[RECORDS FOR THE EXERCISE Boundary: Start]

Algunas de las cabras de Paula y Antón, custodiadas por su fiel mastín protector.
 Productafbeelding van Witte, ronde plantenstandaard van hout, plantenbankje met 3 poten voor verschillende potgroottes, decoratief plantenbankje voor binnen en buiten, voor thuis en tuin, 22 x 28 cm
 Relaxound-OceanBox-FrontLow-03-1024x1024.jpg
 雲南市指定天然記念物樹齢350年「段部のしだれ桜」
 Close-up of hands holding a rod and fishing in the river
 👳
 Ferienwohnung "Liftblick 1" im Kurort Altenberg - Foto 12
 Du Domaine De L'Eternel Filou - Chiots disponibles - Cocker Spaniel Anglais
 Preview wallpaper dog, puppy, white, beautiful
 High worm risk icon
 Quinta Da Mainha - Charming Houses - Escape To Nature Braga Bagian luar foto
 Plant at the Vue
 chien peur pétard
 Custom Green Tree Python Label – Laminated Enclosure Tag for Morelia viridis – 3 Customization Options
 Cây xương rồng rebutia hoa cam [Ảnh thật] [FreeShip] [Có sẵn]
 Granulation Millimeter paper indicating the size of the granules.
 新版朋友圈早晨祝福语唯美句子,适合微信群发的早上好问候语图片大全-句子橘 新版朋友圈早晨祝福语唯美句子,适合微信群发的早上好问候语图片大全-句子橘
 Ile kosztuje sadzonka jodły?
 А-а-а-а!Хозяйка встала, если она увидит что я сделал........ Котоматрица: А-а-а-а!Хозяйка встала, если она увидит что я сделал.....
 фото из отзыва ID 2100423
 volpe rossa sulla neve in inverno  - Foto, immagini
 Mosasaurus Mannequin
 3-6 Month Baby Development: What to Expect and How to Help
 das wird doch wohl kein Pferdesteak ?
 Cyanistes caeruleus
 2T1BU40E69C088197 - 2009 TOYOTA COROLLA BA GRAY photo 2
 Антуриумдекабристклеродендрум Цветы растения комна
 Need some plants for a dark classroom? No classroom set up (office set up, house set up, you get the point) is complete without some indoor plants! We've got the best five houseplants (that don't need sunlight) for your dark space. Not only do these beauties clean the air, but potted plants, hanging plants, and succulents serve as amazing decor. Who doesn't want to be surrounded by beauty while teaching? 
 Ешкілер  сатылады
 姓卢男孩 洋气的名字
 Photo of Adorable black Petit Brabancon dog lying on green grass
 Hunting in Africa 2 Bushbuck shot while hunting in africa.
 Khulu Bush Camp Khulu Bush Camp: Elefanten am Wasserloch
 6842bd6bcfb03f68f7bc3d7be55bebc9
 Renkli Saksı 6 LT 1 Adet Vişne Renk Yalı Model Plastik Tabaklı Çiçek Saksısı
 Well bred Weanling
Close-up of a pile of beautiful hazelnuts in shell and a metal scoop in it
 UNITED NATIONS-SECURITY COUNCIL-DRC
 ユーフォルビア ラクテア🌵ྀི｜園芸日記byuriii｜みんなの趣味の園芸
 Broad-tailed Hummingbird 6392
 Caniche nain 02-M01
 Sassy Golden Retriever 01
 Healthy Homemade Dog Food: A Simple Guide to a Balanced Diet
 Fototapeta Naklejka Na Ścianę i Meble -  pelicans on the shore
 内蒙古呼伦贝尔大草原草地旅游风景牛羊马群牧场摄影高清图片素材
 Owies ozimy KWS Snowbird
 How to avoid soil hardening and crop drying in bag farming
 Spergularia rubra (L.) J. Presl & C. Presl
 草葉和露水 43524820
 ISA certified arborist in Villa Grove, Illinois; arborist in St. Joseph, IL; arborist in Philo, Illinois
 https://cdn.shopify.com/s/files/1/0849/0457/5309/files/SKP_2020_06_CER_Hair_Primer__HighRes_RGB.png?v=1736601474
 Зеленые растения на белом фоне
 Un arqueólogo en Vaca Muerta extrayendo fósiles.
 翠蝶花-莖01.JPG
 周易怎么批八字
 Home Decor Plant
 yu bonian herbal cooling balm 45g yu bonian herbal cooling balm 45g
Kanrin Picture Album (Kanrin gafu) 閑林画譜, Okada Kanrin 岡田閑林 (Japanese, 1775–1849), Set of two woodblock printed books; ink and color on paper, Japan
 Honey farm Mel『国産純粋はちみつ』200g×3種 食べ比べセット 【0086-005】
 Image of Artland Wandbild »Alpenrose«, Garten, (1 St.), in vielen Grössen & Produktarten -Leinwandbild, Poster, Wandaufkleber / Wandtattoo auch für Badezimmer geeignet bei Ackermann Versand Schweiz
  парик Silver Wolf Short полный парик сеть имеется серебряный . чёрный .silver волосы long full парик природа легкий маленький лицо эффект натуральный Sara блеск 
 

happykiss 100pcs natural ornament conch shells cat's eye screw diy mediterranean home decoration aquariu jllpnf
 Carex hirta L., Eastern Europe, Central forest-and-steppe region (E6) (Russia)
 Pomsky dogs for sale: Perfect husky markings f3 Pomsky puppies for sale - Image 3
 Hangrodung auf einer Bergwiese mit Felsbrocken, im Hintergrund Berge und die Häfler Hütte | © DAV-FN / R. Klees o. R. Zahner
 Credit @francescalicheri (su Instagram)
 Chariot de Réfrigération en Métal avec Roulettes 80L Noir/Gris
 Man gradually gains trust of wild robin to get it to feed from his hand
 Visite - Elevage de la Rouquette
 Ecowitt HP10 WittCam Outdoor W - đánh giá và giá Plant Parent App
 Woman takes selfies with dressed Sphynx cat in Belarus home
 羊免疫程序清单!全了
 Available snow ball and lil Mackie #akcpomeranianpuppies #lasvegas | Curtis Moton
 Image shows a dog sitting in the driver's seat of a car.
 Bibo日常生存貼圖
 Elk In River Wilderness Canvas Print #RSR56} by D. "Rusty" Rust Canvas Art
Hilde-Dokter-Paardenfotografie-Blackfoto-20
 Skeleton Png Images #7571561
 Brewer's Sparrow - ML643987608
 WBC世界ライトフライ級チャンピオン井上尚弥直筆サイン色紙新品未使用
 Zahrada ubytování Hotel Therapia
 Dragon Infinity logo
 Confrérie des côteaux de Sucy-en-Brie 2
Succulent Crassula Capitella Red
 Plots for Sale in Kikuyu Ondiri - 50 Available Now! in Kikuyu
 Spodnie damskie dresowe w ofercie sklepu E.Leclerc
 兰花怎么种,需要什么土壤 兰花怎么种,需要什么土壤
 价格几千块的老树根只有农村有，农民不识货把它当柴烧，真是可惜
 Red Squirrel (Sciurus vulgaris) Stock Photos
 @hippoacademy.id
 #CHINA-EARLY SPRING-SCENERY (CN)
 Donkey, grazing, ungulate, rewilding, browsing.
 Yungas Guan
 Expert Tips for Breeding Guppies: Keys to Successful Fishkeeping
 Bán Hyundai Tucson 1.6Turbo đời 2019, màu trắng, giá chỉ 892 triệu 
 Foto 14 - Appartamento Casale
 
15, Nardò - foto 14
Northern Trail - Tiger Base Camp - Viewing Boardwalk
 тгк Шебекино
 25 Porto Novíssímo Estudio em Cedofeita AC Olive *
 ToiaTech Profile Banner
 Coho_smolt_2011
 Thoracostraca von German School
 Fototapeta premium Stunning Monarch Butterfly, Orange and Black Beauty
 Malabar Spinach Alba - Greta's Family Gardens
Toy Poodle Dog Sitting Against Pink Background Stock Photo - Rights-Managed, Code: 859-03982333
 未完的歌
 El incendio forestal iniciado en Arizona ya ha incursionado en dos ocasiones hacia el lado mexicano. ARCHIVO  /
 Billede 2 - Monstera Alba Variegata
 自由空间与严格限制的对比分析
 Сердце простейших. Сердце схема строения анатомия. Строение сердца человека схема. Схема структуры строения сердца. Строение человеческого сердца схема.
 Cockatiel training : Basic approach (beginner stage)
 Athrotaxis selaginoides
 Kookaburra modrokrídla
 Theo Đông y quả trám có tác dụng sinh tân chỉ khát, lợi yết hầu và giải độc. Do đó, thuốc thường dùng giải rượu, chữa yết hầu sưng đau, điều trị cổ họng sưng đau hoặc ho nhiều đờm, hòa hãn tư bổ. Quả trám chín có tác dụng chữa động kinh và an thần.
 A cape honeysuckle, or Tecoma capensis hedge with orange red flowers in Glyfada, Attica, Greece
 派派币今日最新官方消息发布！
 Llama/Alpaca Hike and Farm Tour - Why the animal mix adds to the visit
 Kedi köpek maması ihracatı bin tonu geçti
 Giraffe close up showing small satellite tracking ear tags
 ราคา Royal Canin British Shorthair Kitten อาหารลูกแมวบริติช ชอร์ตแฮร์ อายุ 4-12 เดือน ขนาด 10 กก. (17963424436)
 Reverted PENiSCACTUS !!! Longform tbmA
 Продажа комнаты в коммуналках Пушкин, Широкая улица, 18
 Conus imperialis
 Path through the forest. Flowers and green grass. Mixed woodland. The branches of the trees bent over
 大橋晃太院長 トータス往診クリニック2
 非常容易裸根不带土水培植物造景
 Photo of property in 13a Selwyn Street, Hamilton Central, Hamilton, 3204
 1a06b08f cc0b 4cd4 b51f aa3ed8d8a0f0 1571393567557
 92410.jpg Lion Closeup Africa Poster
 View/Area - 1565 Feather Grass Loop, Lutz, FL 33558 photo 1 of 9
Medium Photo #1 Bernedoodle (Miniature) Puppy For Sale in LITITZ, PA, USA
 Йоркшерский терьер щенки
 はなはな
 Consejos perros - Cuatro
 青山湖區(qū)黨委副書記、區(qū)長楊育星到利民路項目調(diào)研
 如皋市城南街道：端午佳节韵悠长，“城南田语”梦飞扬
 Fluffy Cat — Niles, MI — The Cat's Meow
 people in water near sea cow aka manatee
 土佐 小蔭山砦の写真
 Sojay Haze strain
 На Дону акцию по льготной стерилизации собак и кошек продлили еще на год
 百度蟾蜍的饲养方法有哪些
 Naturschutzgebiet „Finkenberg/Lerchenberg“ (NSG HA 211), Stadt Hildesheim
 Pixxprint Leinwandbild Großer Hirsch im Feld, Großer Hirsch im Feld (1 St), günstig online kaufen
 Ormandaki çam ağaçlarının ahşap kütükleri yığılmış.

[RECORDS FOR THE EXERCISE Boundary: End]

PROBLEM TO WORK ON –
The lines above starting at the one that contains "парик Silver Wolf" and ending at the one that contains "Yungas Guan" must be transcribed exactly, and no other lines may appear.

EXPECTED ANSWER –
  парик Silver Wolf Short полный парик сеть имеется серебряный . чёрный .silver волосы long full парик природа легкий маленький лицо эффект натуральный Sara блеск 
 

happykiss 100pcs natural ornament conch shells cat's eye screw diy mediterranean home decoration aquariu jllpnf
 Carex hirta L., Eastern Europe, Central forest-and-steppe region (E6) (Russia)
 Pomsky dogs for sale: Perfect husky markings f3 Pomsky puppies for sale - Image 3
 Hangrodung auf einer Bergwiese mit Felsbrocken, im Hintergrund Berge und die Häfler Hütte | © DAV-FN / R. Klees o. R. Zahner
 Credit @francescalicheri (su Instagram)
 Chariot de Réfrigération en Métal avec Roulettes 80L Noir/Gris
 Man gradually gains trust of wild robin to get it to feed from his hand
 Visite - Elevage de la Rouquette
 Ecowitt HP10 WittCam Outdoor W - đánh giá và giá Plant Parent App
 Woman takes selfies with dressed Sphynx cat in Belarus home
 羊免疫程序清单!全了
 Available snow ball and lil Mackie #akcpomeranianpuppies #lasvegas | Curtis Moton
 Image shows a dog sitting in the driver's seat of a car.
 Bibo日常生存貼圖
 Elk In River Wilderness Canvas Print #RSR56} by D. "Rusty" Rust Canvas Art
Hilde-Dokter-Paardenfotografie-Blackfoto-20
 Skeleton Png Images #7571561
 Brewer's Sparrow - ML643987608
 WBC世界ライトフライ級チャンピオン井上尚弥直筆サイン色紙新品未使用
 Zahrada ubytování Hotel Therapia
 Dragon Infinity logo
 Confrérie des côteaux de Sucy-en-Brie 2
Succulent Crassula Capitella Red
 Plots for Sale in Kikuyu Ondiri - 50 Available Now! in Kikuyu
 Spodnie damskie dresowe w ofercie sklepu E.Leclerc
 兰花怎么种,需要什么土壤 兰花怎么种,需要什么土壤
 价格几千块的老树根只有农村有，农民不识货把它当柴烧，真是可惜
 Red Squirrel (Sciurus vulgaris) Stock Photos
 @hippoacademy.id
 #CHINA-EARLY SPRING-SCENERY (CN)
 Donkey, grazing, ungulate, rewilding, browsing.
 Yungas Guan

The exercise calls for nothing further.